## Exercise prompt
Give the lines below again exactly, starting with the line that holds "Image of Front" and going on through the line that holds "couple kissing with passion couple".

## Given information
-- Opening Marker --

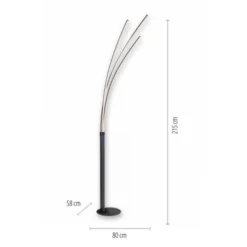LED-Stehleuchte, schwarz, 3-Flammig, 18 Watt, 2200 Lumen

-- Closing Marker --
-- Opening Marker --

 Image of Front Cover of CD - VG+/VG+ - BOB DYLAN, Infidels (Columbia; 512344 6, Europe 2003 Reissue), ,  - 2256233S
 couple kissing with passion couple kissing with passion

-- Closing Marker --

## Exercise answer
 Image of Front Cover of CD - VG+/VG+ - BOB DYLAN, Infidels (Columbia; 512344 6, Europe 2003 Reissue), ,  - 2256233S
 couple kissing with passion couple kissing with passion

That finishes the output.